Vos plumes

RETROUVAILLES

UN WEEKEND DES PLUS BANALS QUI SOIENT!

Il est des fins de semaines qui apportent leurs lots d’ondes positives propagatrices de joie, de paix, de fraternité et d’amour. Ce fut le cas, un vendredi après-midi, lorsque j’ai reçu l’appel téléphonique d’Olivier, un ami de ma connaissance résidant à Kampala en Ouganda, et qui, en raison de ses affaires, séjourne régulièrement dans la capitale centrafricaine. D’où à l’occasion, ces coups de fil d’Olivier, d’ordinaire passés entre deux courses dans le centre-ville pour me signaler sa présence. Et souvent, à peine ai-je décroché, qu’à l’autre « bout des ondes », toujours cette même voix familière et pleine de vie, me lançant dans la langue de Shakespeare : « Hello bro ! I am around. Let’s plan something together. »
Une fois ensemble après des mois de séparation, c’est au restaurant, en journée ou en soirée, que nous avons l’habitude de célébrer nos retrouvailles. Toujours avec le même plaisir et dans la bonne humeur, autour d’un bon repas modestement arrosé. Entre amis, nous passons ainsi du bon temps à échanger de tout et de rien ; à parler de nos défis et du cours que prennent nos vies ; à constater que le temps est bien loin où nous étions de la  »next generation » comme disent les anglophones ; une façon de prendre conscience et de reconnaître que l’ampleur des responsabilités qui incombent aujourd’hui à notre génération ainsi que celle de la réalité de tous les combats qui l’oppose à ses propres géants.
Ces retrouvailles du vendredi furent empreintes d’une certaine gravité. Les aléas de la vie, telle la pandémie qui avait impacté nos vies professionnelles et privées avaient légèrement déteint sur nous. Mais le sourire et l’optimisme étaient toujours là ! Il a régné durant cette soirée un sentiment de nostalgie car c’était la première fois que nous nous retrouvions juste tous les deux, sans les autres amis éparpillés sur tous les continents.
L’apothéose du week-end sera un moment de réjouissance entre amis et parents durant lequel nous avons fait honneur à la diversité de la cuisine locale. Ce repas fraternel fut pour nous une sorte de catharsis collective. Les travers de notre société ainsi que les loufoqueries vécues par les uns et les autres furent tournées en dérision.
La conception tordue du concept genre, le népotisme, la jalousie, la religion, la politique furent quelques-uns des sujets qui ne purent échapper à notre razzia humoristique.

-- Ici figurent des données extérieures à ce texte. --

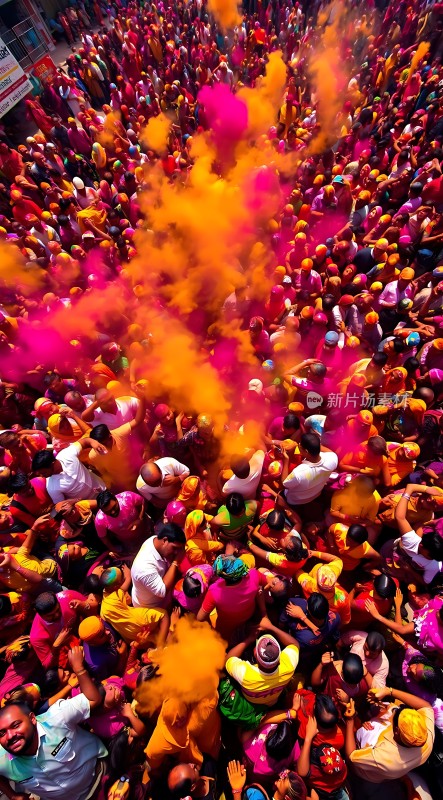 彩色粉末节欢乐与色彩的碰撞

Les fous rires atteignirent leur paroxysme à l’évocation des turpitudes de la coalition rebelle de la Seleka après leur prise du pouvoir entre 2013 et 2014. Nous fûmes unanimes pour convenir que la dizaine de mois qu’a duré leur gestion de la chose publique fut psychologiquement éprouvante. Ça pétaradait à tout bout de champs pour n’importe quelle raison. Les psychotiques, toujours sur le qui-vive, que nous étions devenus se mettaient à courir pour un oui ou un non !
Aboudou racontera que ce fut le cas un jour, alors qu’il était assis avec son petit frère et ses sœurs devant le portail de la maison familiale. Il y eu, subitement une salve nourrie de tirs d’armes automatiques. Les gens se mirent à courir dans toutes les directions sans savoir ce qui se passait, ni d’où étaient tirés ces coups de feu. Notre narrateur et sa fratrie ne furent pas en reste. Leur « avantage » était qu’ils avaient juste à ramasser, pour ceux qui en ont eu le réflexe, leurs tabourets, bancs, chaises et se réfugier à l’intérieur. Aboudou voulu fermer à double tour le portail. Il se fallut de peu qu’il ne reçût le battant du portail en pleine figure !

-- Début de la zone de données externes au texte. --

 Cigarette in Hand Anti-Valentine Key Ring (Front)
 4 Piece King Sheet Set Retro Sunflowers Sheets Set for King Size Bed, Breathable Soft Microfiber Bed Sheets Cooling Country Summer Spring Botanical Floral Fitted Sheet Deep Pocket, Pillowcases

La cause en était l’abbé Gaspard, qui ayant fait un saut à la Bruce Lee avait repoussé l’embrasure du portail, en criant d’un ton plus désespéré qu’empreint de foi : « Au nom de Jésus ! » L’homme d’église était, par le plus malheureux des hasards, dans les parages lorsque la fusillade avait éclaté ; Mû par un instinct de survie, il avait foncé vers la demeure la plus proche. Celle, justement, de notre ami qui voulait, en toute ignorance, lui fermer au nez la porte du salut ! Aboudou, dû faire appel à tout son sens de l’équilibre pour ne pas se retrouver fesses à terre.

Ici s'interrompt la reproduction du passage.